The role of live music in Pittsburgh’s identity has been a frequent topic of conversation in the last couple of years. That has been spurred, in particular, by the Pittsburgh Downtown Partnership’s Downtown Sound Initiative, which aims to bring more live music to Downtown’s bars, restaurants and public spaces. There’s plenty of disagreement about what it means to make Pittsburgh into a “music city,” and how that can be accomplished. But the Deutschtown Music Festival, essentially a grass-roots effort motivated primarily by a love of music and community, could serve as a guide.
When it comes to making Pittsburgh a music city, Walters says – from a festival standpoint at least – he’d love to see the Deutschtown festival a national draw. “You look at Austin, for example: People who lived there knew that there was a music scene, but it wasn’t until their festivals [gained visibility] that the outsiders said, ‘Oh they have live music there.’ And it’s not about those festivals, it’s about, every day of the year, when somebody goes to Austin they’re thinking, ‘I should go see live music.’ Because it’s there every day of the year.”
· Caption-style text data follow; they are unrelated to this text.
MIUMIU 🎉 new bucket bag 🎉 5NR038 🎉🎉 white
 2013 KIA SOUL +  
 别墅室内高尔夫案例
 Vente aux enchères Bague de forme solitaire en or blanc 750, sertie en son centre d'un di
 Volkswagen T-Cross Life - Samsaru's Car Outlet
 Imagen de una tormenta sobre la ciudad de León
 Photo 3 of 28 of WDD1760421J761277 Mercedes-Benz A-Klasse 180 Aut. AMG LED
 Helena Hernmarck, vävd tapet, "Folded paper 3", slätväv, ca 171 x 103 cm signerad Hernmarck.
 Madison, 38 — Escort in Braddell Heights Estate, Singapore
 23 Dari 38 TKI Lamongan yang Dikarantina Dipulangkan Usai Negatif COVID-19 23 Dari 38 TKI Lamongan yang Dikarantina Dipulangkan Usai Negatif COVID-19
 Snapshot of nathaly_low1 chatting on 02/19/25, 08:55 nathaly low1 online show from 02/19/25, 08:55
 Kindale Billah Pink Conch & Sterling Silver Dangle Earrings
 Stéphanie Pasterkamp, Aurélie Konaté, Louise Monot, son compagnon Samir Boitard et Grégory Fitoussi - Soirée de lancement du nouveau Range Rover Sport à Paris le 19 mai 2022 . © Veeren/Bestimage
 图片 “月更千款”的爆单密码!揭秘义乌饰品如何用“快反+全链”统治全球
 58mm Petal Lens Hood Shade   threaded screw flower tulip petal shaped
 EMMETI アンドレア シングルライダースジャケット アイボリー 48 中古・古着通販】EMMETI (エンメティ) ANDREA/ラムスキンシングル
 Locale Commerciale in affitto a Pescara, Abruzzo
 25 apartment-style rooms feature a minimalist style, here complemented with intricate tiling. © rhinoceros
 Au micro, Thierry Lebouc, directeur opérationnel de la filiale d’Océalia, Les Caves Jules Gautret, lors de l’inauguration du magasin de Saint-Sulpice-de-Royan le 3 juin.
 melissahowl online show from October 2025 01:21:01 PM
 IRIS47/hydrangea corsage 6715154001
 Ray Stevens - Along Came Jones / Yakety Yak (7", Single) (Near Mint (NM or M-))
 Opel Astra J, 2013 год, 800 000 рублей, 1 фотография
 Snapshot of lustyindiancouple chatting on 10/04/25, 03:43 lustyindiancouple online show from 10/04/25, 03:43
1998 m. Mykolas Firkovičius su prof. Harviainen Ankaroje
Pittsburgh is full of musicians, and live music happens all the time. And Walters believes the Deutschtown festival has managed to ride a wave of a scene that, he says, “has just exploded on all levels.” But, Walters adds, “when people come here they’re thinking Steelers, or they’re thinking Penguins. Their view of what Pittsburgh is doesn’t lend itself to that. And if we are able to build something that is a larger event in the mind of someone who is traveling here they can go, ‘oh yeah, there’s this festival there, I’ve heard all about it. I bet they have really great live music there. Let me see what’s happening.’”
Tackling 348 bands in two days may sound like a daunting task, but organizer Cory Walters has some advice on hour to get the most out of the weekend.
Make a plan: The event website, www.deutschtownmusicfestival.com features the full lineup, broken up by venue and time. The site also allows visitors to sign in and create their own schedule. Think about what you want to see beforehand, so you’re not deciding between 26 acts at 6 p.m on Saturday.
If you’re drinking, bring cash: Some places may take plastic, but cash is faster. Help keep lines short and make things a little easier for your hard-working local bartenders, Walters says. “Bring cash, order in groups, tip well.”
Be a good neighbor: “There is some burden put upon our neighbors,” Walters says. “So we ask people to treat [Deutschtown] as if it were their own neighborhood and to be a neighbor that Fred Rogers would be proud of.”
Just explore!: Walters says to approach the festival with an open mind. “If it’s someplace you’ve never been before, just check it out! If it’s music you don’t like, then move on to the next thing.”